The planting site is at an elevation of 500 feet, 12 miles inland from the coast. Its soil, a deep alluvium, Elder sandy loam, supports natural stands of valley oak. The average annual precipitation of about 20 inches has been less during 6 years of drought. Annual grasses and forbs dominate the vegetation and grow until all available soil water is exhausted.
The acorns planted by direct seeding at the growing site in late fall (November and December) in 1987 and 1988 represented local ecotypes and were collected from trees from late summer through early fall. The collections from both years provided plant material for nursery propagation. The 2- to 3-month-old seedlings that these materials produced were transplanted during February and March of 1988 and 1989.

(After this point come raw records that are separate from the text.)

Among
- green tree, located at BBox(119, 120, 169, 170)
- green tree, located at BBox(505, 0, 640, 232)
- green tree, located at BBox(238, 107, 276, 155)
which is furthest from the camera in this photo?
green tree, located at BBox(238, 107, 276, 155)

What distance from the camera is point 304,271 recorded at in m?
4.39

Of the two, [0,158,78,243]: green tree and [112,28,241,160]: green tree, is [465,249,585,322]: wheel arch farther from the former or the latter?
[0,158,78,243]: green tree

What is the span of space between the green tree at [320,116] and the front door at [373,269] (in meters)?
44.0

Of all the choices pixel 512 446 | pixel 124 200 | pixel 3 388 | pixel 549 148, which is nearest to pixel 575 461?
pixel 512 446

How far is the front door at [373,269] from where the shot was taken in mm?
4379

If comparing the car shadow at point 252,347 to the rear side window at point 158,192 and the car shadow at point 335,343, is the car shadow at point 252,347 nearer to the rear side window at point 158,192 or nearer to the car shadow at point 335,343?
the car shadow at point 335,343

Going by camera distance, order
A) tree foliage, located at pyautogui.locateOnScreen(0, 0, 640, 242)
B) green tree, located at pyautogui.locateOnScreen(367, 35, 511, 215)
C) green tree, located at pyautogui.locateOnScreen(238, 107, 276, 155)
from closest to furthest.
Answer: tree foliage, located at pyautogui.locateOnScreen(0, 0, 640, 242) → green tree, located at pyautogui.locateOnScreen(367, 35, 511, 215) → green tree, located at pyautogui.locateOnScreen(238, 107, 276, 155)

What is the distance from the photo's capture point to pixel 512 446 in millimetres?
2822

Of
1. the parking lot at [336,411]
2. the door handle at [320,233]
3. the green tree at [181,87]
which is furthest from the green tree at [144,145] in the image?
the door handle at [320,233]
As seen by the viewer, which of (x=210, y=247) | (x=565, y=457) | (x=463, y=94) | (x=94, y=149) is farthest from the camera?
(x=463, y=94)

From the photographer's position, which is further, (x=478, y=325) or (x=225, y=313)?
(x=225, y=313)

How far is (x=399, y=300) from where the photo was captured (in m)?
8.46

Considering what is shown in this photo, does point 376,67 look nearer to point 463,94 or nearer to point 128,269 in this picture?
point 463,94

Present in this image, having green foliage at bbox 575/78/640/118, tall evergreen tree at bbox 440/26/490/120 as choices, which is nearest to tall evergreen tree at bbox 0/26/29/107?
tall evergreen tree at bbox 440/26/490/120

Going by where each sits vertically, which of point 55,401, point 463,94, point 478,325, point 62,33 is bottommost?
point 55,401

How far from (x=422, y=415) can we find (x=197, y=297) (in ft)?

In each of the four trials established — two seeding trials (1987 and 1988) and two transplant trials (1988 and 1989) — plant material was evenly spaced in parallel rows away from any tree canopies and on ground as flat as possible to minimize the influence of slope exposure and inclination on sunlight intensity. All trials were conducted within a deer-proof enclosure to prevent deer and livestock from browsing seedlings.

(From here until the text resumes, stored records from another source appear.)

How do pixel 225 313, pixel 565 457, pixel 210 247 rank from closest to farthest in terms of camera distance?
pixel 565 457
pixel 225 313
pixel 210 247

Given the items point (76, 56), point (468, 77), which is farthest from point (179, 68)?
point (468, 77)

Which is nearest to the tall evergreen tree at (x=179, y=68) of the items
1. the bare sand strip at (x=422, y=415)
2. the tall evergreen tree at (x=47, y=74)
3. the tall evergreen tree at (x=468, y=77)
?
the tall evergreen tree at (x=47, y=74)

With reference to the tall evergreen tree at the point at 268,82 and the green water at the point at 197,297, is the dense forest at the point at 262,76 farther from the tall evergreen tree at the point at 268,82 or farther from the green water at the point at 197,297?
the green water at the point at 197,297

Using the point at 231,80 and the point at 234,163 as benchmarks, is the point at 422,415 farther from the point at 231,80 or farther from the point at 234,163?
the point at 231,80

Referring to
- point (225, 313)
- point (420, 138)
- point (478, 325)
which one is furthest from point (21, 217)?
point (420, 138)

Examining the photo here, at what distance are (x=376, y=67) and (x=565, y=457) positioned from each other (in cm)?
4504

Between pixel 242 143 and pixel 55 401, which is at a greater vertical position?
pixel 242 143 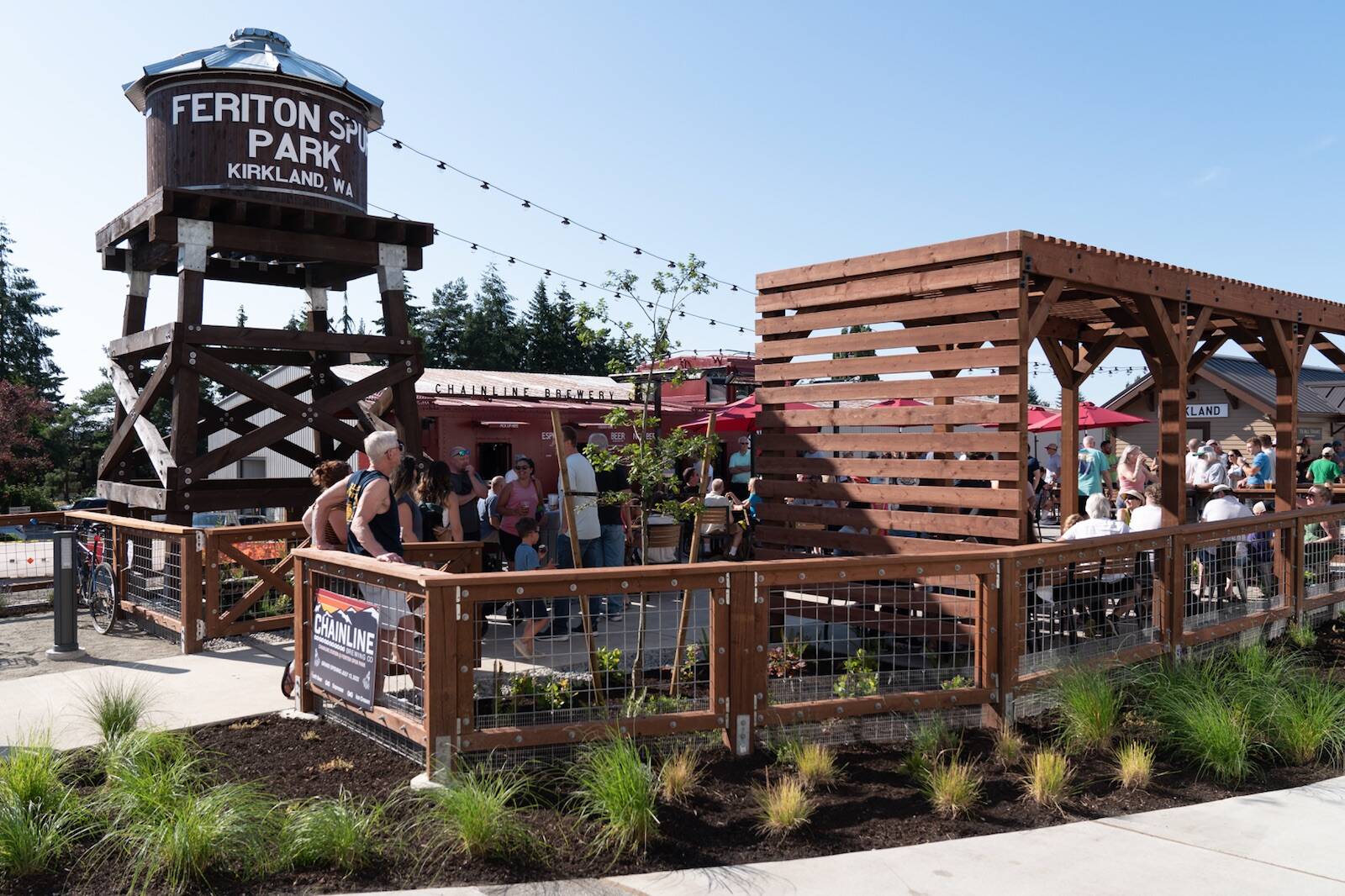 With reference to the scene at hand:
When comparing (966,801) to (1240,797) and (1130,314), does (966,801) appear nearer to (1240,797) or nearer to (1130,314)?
(1240,797)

Treatments in the seeded acorn trials were applied as a randomized complete block design, and included two levels of weed control (complete control and no control) as main plots and two levels of aboveground protection against small mammal damage (screens and no screens) as a split on main plots.
Nursery stock was planted with complete weed control, accomplished with chemicals and hoeing. Weed control was established at the time of planting and has been maintained continuously.
Two levels of aboveground protection against small mammals, organized in a randomized complete block design, were included in the 1988 trial, and poison bait was used to minimize gopher damage. In the 1989 trial, aboveground protection was applied as a split on main plots consisting of two levels of protection against gophers (belowground screens and no screens). Again, a randomized complete block design was used, but no effort was made to control gophers.
Screens used to protect against aboveground predation by small mammals were 14-strand, rigid plastic seedling protectors 2 inches in diameter and 15 inches high, manufactured by Forest Protection Products Co., Inc., Coos Bay, Oregon. Following emergence in the seeded trials, seedlings in each replicate were divided into two groups, protected and unprotected, with screens applied randomly. In the nursery stock trials, screens were applied after planting. In all trials, screens were held in place with 9-gauge steel pins 18 inches long.
TABLE 1. Emergence and 1991 survival of valley oak (as percentage of acorns planted) seeded in 1987 and 1988 at Lopez Lake County Park, San Luis Obispo County
TABLE 2. Percentage of valley oak seedlings killed by pocket gophers in 1989 and 1990, for seedings planted in 1987 and 1988 at Lopez Lake County Park, San Luis Obispo County
TABLE 3. 1989 and 1990 survival of 2- to 3- month-old valley oak nursery stock planted in March 1989 at Lopez Lake County Park, San Luis Obispo County
Gopher protection for seedlings in the 1989 planting of nursery stock was provided as individual underground tubes of rolled and stapled aluminum window screen 2 inches in diameter and 18 inches long. Planting holes were augered 18 inches deep, the tubes were placed in the holes and partially filled with tamped soil, and the seedlings were planted in the last 6 inches of the tubes. Manufacture and installation of each tube was no more difficult than setting a gopher trap. As each seedling grows, the expanding root mass puts pressure on the screen tube, which oxidizes slowly, the rusted staples will break, and the tubes should gradually open along the seam.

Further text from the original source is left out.